Data records
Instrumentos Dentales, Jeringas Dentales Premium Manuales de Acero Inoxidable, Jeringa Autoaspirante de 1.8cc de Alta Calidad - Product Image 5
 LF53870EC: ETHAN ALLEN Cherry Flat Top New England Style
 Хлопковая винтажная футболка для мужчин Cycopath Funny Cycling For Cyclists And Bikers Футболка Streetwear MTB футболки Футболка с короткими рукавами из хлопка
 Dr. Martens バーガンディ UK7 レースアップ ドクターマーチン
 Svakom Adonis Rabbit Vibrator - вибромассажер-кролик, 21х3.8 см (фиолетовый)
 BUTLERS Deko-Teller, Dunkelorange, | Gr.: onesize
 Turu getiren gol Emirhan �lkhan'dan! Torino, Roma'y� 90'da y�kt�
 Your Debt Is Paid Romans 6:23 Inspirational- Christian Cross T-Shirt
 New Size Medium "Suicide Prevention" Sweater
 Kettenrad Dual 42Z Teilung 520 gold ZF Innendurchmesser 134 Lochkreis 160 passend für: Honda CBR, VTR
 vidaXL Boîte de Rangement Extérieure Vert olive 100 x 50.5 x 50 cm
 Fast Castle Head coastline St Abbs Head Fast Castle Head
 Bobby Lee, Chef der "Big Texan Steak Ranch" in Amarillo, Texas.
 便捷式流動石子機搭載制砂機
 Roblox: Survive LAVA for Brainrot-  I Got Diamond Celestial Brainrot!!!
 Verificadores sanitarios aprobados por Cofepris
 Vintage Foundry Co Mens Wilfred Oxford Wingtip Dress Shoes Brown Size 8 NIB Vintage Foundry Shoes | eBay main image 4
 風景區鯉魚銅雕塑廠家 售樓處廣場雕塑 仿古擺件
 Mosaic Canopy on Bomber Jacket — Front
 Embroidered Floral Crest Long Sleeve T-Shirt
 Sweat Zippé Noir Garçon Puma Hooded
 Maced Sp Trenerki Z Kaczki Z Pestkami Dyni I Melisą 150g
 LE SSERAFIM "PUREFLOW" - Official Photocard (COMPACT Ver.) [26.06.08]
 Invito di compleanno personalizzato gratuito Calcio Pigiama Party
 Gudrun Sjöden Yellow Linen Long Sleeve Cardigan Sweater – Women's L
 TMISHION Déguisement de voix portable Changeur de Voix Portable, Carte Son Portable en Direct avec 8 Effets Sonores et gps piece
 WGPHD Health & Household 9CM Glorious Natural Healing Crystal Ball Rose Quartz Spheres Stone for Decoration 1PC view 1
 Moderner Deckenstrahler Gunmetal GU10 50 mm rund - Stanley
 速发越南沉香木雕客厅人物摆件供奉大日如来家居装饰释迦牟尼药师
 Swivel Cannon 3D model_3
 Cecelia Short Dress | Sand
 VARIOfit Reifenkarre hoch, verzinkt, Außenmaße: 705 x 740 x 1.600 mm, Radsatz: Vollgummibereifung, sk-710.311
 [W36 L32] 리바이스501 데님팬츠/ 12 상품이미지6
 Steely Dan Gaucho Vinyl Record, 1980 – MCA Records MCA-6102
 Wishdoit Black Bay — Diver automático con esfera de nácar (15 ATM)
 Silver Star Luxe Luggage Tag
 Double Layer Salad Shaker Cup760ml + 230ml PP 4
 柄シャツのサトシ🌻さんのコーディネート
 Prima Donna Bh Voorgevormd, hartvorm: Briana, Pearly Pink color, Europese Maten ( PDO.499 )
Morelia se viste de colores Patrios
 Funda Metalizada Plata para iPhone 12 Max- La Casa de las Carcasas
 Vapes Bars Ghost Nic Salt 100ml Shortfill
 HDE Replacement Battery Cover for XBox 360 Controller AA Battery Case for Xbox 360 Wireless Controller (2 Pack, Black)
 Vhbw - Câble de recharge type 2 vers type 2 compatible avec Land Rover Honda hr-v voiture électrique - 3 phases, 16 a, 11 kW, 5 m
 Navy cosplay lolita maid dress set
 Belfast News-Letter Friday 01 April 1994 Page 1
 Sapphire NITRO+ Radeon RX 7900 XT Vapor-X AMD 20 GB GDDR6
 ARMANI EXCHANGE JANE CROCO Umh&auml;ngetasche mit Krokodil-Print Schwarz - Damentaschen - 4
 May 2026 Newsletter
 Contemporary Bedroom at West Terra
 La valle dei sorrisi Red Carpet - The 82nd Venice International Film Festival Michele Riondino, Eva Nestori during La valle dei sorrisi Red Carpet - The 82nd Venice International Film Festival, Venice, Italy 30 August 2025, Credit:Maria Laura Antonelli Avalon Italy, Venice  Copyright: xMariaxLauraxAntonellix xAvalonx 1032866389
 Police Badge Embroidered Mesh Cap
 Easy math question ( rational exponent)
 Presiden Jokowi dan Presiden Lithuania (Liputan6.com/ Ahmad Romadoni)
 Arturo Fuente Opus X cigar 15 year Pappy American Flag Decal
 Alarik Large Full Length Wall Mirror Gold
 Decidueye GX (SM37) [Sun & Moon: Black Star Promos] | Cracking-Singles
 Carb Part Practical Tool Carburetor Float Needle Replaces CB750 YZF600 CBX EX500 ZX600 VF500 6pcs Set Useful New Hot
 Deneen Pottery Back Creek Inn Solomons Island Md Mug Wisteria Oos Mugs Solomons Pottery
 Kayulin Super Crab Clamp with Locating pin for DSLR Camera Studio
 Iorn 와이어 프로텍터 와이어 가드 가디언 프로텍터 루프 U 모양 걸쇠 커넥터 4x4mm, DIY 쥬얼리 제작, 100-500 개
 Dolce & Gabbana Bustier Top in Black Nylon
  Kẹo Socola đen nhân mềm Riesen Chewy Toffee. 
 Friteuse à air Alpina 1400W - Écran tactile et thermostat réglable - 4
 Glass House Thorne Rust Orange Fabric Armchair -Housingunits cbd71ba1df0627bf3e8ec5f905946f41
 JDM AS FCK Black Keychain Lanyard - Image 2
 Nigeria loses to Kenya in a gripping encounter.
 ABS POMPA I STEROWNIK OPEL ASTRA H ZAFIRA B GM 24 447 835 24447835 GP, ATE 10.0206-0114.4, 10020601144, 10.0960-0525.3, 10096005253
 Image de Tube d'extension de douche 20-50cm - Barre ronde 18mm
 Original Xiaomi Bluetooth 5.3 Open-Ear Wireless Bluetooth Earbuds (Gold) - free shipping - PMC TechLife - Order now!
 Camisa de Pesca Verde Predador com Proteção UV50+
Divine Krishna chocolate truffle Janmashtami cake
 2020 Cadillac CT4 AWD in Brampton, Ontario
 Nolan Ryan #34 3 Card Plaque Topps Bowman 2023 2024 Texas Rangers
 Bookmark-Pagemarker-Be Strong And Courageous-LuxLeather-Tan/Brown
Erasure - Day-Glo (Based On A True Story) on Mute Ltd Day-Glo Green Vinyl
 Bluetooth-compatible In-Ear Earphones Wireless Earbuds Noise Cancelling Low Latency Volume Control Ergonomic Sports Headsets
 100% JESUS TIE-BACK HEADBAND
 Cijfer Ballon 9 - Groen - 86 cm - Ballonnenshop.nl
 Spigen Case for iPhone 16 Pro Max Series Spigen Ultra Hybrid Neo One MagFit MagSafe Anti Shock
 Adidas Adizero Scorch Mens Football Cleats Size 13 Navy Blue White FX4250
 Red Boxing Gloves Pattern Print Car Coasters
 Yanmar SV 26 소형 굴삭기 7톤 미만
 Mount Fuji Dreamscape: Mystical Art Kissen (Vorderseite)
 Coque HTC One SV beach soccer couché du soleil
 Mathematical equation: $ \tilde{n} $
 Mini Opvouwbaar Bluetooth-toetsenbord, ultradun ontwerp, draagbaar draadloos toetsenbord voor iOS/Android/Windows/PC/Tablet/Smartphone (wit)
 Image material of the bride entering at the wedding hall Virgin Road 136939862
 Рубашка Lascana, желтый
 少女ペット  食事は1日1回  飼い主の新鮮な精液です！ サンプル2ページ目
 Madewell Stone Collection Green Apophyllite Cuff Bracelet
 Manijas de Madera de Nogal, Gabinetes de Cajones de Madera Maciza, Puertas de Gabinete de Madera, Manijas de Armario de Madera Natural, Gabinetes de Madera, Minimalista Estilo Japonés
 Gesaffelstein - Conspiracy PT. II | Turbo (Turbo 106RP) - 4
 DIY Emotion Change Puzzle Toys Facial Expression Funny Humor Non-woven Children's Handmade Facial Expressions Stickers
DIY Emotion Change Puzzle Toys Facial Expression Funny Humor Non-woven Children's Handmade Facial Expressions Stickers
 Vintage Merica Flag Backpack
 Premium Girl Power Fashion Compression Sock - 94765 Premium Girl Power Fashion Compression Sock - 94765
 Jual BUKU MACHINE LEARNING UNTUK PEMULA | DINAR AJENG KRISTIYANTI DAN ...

Work to be completed ▸ Apply a filter for "Natural" to the data above, then copy each line that matches.

Result of this exercise ▸
 WGPHD Health & Household 9CM Glorious Natural Healing Crystal Ball Rose Quartz Spheres Stone for Decoration 1PC view 1
 Manijas de Madera de Nogal, Gabinetes de Cajones de Madera Maciza, Puertas de Gabinete de Madera, Manijas de Armario de Madera Natural, Gabinetes de Madera, Minimalista Estilo Japonés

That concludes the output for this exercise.